• Required work: Your answer should hold exactly the lines below from the line with "a chair sitting" through the line with "Beautiful black beads", both included, and no pictures at all.

• Input records:
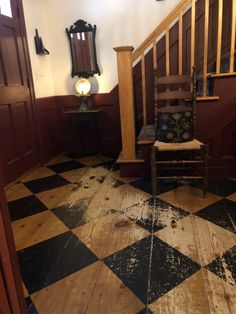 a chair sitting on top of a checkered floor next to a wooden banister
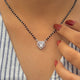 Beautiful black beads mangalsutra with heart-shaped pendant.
...
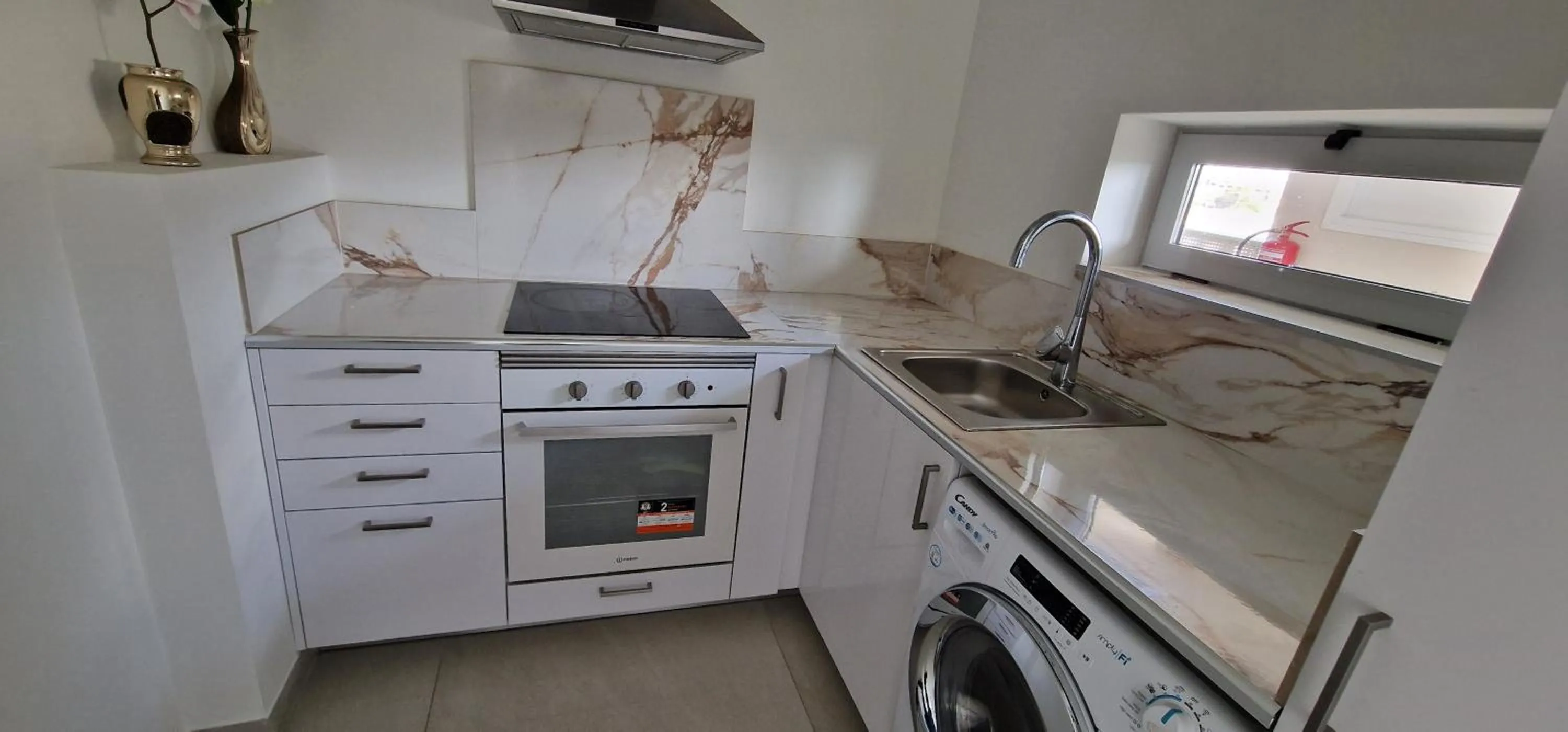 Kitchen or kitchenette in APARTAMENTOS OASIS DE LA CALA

• Problem solution:
 a chair sitting on top of a checkered floor next to a wooden banister
 Beautiful black beads mangalsutra with heart-shaped pendant.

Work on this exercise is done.